The 24-year-old Dillon will attempt to slay the .533-mile, 28-degree-banked, beast of an East Tennessee track that opened in 1960. Bristol is the fourth-largest sports venue in the United States with about 160,000 seats and is certainly the loudest with 40 cars circulating for 500 laps. After turning near-15-second lap times, drivers must also negotiate a narrow pit lane on both the front and back stretches. Whether it’s the speeds, traffic, number of laps or beating and banging, it all makes Bristol one of the toughest tracks in motorsports. Even before replacing the asphalt with concrete in 1992, Bristol was known in the sport as a track that devours most drivers – especially rookie drivers, even the ones who go on to win championships later in their careers.
A third of the 21 drivers to win a NASCAR Sprint Cup title since 1970 are competing full time in 2016. None of the seven scored a top-five finish in his first appearance at the “Last Great Colosseum.” Jimmie Johnson’s seventh-place finish in 2002 is the best of the active champions making his Bristol debut. None of the others managed a top-10 finish.
A deeper dive into the NASCAR history book reveals that not just the active champions, but nearly all the champions since 1970, struggled in their maiden voyage at Bristol.
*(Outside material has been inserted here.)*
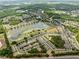 Expansive aerial view of a community with a large lake, lush green spaces, and neatly arranged residential areas at 3901 Silverlake Way, Wesley Chapel, FL 33544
Jeff Gordon, Bobby Labonte, Dale Jarrett, Rusty Wallace, Alan Kulwicki, Bobby Allison, Cale Yarborough, Bobby Isaac and Benny Parsons failed to score a top-10 on NASCAR’s second-shortest track. Even eventual 12-time Bristol winner Darrell Waltrip could only manage a 30th-place finish at Bristol in his first race. Some didn’t do too badly. Bill Elliott finished 10th in the fall of 1979, Terry Labonte seventh earlier that year, and Richard Petty earned a fourth-place finish his first time at Bristol in 1961.
There is an exception to every rule, and it occurred in the 1979 spring race when future seven-time champion Dale Earnhardt led 163 laps on his way to winning his rookie race at Bristol driving Rod Osterlund’s Chevrolet. In one of the quirks of history, Dillon’s grandfather Richard Childress, who was a driver-owner at the time, gave up racing and hired Earnhardt to drive his car midway through the 1981 season and, as they say, the rest became racing history. Childress, who was no slouch as a driver, posting six top-fives and 76 top-10s, couldn’t conquer Bristol his rookie year as he finished 18th in 1972.
The young Dillion has a few weapons of his own in Sunday’s Bristol battle. He’s finished in the top-10 in six of his eight NASCAR Camping World Truck Series and Xfinity Series races since 2012 at Bristol. Plus, he’ll have the help of the three-time-champion Stewart, who’ll be on the radio with Dillon throughout the weekend. Dillon and Brian Vickers have served as interim drivers in 2016 while Stewart recovers from an offseason back injury.
Dillon’s greatest asset might be the speed of Stewart-Haas Racing’s (SHR) No. 14 Chevrolet SS led by crew chief Mike Bugarewicz that has been on a roll of late. The team had posted three consecutive top-15 finishes and raced up to fourth at Texas Motor Speedway in Fort Worth Saturday night before a pit lane spin and accident left Vickers with a 37th-place finish.
Dillon knows, with just 11 career Sprint Cup starts, he’s entering the ring with the toughest of opponents. But, conquering Bristol as a rookie would be an accomplishment few of the sport’s greats have equaled.